[[ SOURCE DATA, beginning ]]

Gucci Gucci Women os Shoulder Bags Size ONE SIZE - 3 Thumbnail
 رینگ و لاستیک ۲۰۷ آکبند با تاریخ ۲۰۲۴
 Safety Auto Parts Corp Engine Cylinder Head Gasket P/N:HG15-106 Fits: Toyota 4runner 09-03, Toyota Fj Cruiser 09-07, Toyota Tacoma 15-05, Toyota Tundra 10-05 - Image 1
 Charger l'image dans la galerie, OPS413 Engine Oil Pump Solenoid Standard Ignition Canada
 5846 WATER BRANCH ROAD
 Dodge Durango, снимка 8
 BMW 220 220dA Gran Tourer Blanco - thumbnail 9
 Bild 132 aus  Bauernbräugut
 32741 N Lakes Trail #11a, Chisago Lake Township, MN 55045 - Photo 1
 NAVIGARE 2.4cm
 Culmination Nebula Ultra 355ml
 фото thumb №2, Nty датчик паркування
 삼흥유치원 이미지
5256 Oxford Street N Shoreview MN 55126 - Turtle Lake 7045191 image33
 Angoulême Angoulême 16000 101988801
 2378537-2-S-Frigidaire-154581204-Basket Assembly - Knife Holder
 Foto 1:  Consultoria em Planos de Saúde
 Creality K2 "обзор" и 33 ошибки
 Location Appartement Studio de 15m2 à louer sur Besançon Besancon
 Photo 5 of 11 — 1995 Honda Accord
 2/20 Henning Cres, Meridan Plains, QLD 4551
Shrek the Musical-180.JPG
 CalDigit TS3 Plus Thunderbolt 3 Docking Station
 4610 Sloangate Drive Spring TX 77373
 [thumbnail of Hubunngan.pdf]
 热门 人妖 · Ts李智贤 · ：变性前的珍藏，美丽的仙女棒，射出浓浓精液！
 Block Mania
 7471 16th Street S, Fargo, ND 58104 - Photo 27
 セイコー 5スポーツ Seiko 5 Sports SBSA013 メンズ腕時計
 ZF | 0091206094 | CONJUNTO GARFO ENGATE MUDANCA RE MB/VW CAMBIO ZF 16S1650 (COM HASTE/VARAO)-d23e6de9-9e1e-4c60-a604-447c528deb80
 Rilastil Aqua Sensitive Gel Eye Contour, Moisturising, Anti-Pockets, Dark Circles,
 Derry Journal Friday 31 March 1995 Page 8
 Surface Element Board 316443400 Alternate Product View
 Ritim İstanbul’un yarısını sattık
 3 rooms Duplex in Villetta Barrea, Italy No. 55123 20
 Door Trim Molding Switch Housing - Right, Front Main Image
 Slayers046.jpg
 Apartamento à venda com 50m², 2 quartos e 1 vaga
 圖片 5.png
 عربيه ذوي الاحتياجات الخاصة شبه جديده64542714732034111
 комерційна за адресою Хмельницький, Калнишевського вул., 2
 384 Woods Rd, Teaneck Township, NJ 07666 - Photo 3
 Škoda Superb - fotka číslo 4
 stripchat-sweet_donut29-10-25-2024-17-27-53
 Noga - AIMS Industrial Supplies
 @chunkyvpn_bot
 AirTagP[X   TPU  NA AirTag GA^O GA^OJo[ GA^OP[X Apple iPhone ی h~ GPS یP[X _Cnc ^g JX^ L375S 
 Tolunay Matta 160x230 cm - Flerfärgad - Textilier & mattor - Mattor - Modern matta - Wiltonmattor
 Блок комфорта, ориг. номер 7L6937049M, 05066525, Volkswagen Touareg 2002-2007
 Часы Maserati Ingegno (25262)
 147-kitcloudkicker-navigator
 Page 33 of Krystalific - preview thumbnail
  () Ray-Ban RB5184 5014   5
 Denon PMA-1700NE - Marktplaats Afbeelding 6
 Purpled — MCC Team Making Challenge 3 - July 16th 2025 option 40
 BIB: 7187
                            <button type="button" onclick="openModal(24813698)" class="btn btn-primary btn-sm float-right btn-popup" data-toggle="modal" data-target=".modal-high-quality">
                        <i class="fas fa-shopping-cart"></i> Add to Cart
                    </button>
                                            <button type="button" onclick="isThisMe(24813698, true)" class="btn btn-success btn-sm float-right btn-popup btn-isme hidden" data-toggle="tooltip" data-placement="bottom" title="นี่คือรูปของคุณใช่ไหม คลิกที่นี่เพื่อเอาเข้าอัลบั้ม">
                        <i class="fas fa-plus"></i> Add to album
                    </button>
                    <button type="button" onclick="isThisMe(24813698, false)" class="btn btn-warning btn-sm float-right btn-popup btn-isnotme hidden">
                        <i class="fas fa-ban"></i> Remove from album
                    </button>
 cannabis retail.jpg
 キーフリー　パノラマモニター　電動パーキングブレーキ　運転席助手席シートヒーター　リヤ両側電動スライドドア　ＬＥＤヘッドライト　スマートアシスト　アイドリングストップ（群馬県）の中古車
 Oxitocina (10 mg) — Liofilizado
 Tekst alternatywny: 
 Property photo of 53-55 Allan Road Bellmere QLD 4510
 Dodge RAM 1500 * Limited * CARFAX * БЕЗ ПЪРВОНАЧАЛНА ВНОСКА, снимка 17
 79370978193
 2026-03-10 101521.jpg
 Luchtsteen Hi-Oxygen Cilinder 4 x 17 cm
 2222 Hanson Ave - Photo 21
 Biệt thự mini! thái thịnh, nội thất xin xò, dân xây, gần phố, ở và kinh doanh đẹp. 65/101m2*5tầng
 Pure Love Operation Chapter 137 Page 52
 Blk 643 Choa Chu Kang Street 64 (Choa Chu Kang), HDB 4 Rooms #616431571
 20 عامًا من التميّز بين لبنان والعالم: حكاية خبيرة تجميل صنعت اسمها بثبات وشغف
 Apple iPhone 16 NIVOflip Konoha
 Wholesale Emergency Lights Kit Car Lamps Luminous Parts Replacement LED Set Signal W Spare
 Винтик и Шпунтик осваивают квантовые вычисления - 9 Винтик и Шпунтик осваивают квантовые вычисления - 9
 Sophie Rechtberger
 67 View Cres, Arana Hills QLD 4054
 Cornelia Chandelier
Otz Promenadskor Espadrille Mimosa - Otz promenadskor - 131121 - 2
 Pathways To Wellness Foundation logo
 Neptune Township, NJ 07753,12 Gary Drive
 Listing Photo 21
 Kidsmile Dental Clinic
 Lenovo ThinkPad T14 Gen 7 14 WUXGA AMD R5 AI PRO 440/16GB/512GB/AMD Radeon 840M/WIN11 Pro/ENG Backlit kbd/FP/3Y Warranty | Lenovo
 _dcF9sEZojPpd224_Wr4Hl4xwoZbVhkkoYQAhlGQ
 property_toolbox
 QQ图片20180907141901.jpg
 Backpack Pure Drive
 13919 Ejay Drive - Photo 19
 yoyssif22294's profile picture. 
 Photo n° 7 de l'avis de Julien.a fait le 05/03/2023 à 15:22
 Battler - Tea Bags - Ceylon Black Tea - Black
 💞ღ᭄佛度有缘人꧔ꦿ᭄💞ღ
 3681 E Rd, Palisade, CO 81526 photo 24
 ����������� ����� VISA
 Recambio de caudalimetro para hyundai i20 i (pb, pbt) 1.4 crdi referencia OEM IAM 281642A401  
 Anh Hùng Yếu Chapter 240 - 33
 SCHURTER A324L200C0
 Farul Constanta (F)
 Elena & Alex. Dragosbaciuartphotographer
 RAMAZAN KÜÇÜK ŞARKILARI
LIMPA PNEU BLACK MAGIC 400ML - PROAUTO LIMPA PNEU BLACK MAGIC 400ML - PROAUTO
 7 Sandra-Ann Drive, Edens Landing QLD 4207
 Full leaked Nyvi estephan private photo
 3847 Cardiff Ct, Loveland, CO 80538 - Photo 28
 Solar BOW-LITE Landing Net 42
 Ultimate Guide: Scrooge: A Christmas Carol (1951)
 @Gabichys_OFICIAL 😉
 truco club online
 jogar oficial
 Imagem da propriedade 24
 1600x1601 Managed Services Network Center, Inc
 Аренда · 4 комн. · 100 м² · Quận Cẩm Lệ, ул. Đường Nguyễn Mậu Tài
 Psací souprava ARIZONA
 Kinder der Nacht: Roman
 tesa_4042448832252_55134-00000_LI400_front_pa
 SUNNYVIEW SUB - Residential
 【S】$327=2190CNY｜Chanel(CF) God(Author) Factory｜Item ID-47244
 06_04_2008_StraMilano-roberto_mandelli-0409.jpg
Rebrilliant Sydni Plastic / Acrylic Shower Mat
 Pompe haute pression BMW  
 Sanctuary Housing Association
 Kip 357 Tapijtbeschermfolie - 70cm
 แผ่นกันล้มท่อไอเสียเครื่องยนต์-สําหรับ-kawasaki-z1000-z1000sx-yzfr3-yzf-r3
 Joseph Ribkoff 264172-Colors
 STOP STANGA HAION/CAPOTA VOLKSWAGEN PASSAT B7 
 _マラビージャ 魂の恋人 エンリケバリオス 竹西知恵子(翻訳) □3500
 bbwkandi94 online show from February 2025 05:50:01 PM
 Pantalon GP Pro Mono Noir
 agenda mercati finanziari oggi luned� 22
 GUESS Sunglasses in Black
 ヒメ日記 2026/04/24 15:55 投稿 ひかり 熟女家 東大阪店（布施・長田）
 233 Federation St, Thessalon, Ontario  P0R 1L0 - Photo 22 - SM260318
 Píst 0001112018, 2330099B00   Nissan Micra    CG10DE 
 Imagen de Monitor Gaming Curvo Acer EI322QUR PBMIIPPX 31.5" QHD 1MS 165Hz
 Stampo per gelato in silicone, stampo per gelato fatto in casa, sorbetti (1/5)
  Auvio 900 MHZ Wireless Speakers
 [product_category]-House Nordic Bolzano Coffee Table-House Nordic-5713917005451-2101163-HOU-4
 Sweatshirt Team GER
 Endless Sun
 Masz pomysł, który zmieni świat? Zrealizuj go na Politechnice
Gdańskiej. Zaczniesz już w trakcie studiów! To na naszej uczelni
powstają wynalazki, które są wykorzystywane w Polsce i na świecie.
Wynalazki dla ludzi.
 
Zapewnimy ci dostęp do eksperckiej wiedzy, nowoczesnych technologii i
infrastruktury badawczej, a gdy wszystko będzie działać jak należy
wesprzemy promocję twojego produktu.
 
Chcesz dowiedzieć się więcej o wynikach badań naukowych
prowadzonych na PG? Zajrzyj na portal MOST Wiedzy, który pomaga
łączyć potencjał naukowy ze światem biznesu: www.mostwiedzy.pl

[[ SOURCE DATA, end ]]

ASSIGNMENT –
An exact copy of the data is needed, running from its first line through the line that holds "BMW 220 220dA", and nothing beyond that.

WRITTEN SOLUTION –
Gucci Gucci Women os Shoulder Bags Size ONE SIZE - 3 Thumbnail
 رینگ و لاستیک ۲۰۷ آکبند با تاریخ ۲۰۲۴
 Safety Auto Parts Corp Engine Cylinder Head Gasket P/N:HG15-106 Fits: Toyota 4runner 09-03, Toyota Fj Cruiser 09-07, Toyota Tacoma 15-05, Toyota Tundra 10-05 - Image 1
 Charger l'image dans la galerie, OPS413 Engine Oil Pump Solenoid Standard Ignition Canada
 5846 WATER BRANCH ROAD
 Dodge Durango, снимка 8
 BMW 220 220dA Gran Tourer Blanco - thumbnail 9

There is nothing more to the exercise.